Print the lines of the entries below from the one with "3-Dimensional Lacrosse Stick" through the final line, exactly as they appear. The pictures are not part of the copy.

Records from a data collection
☆ ☆ ☆ ☆
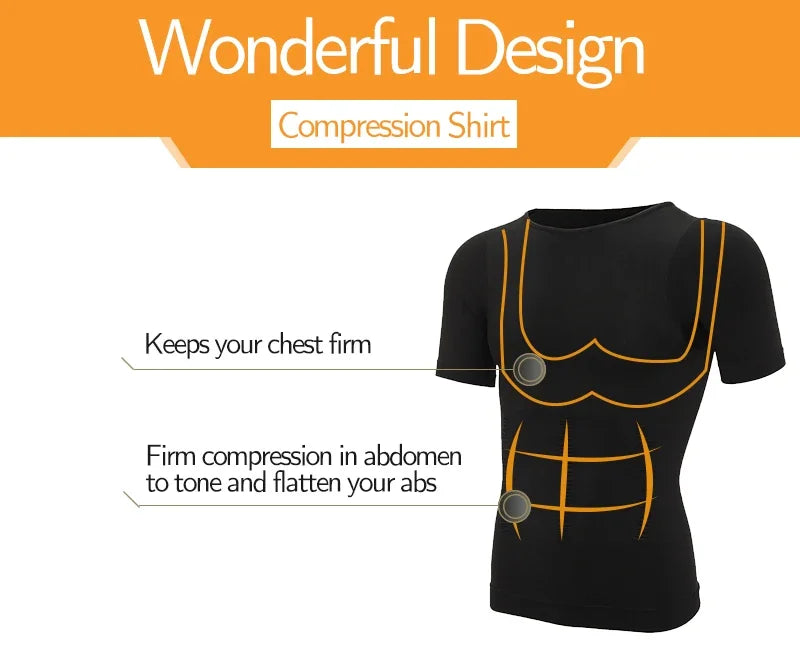 Men Weight Loss Shapewear T-Shirt Body Shaper Slimming Compression Shirts Gynecomastia Undershirt Waist Trainer Muscle Tank Tops NovaCart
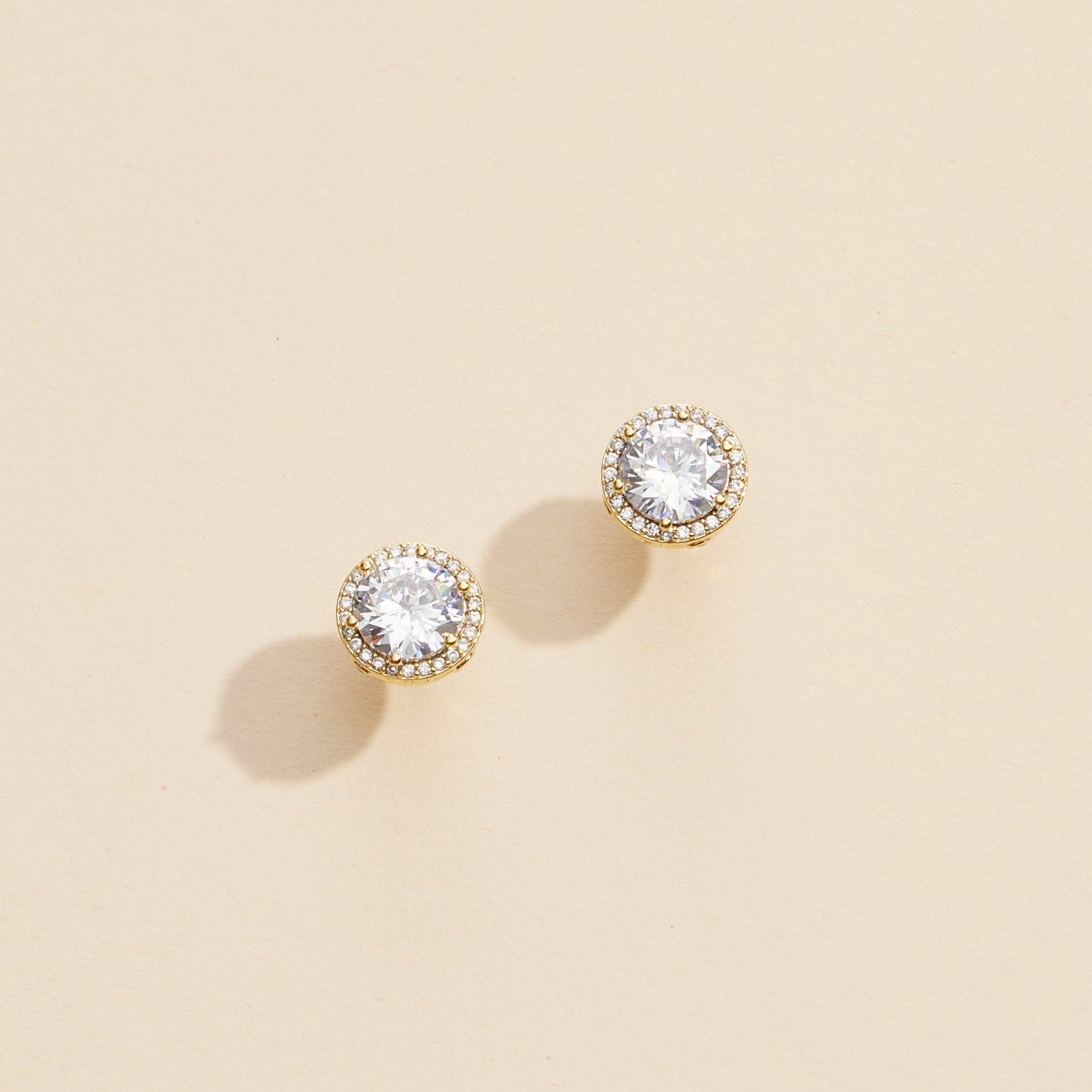 Chic Round Glass Stone Gold-Dipped Stud Earrings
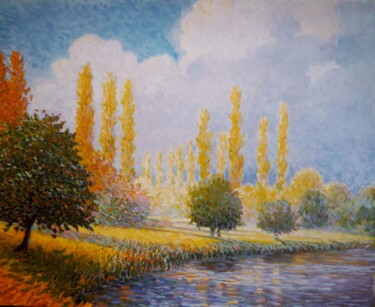 Peinture intitulée "Peupliers au printe…" par Jm Guenard, Œuvre d'art originale, Huile
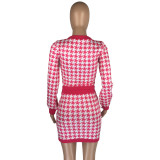 Houndstooth Print Women's Long Sleeve Two Piece Skirt Set
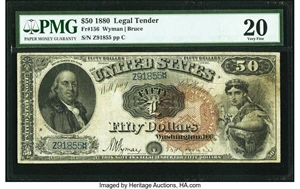 image for: Fr. 156 $50 1880 Legal Tender PMG Very Fine 20....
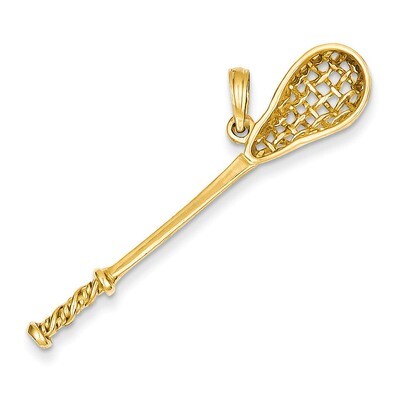 3-Dimensional Lacrosse Stick Pendant 14k Gold Solid Polished C2629, MPN: C2629, 637218068692
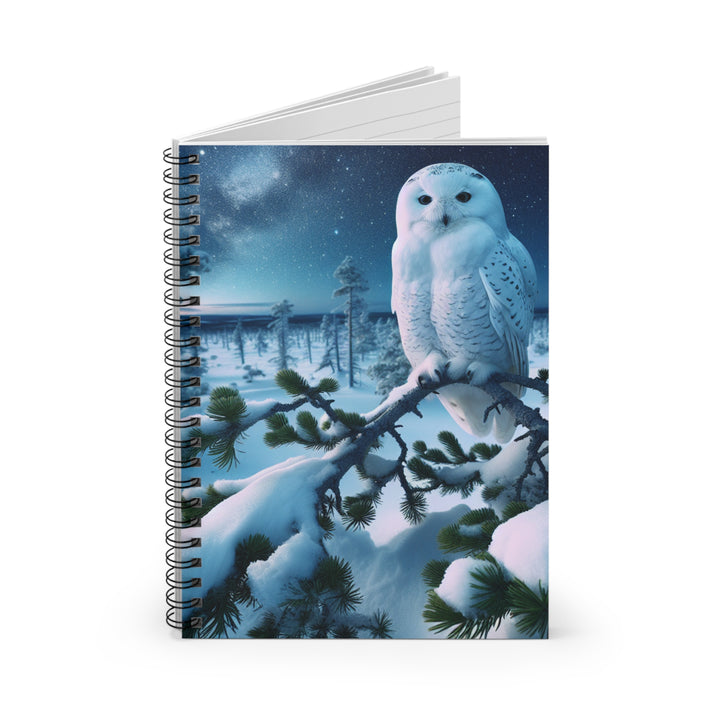 Elegant Owl Spiral Notebook - Winter Wonderland Design, Perfect for Dreamers and Nature Lovers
☆ ☆ ☆ ☆
**Reply to the exercise:**
 3-Dimensional Lacrosse Stick Pendant 14k Gold Solid Polished C2629, MPN: C2629, 637218068692
 Elegant Owl Spiral Notebook - Winter Wonderland Design, Perfect for Dreamers and Nature Lovers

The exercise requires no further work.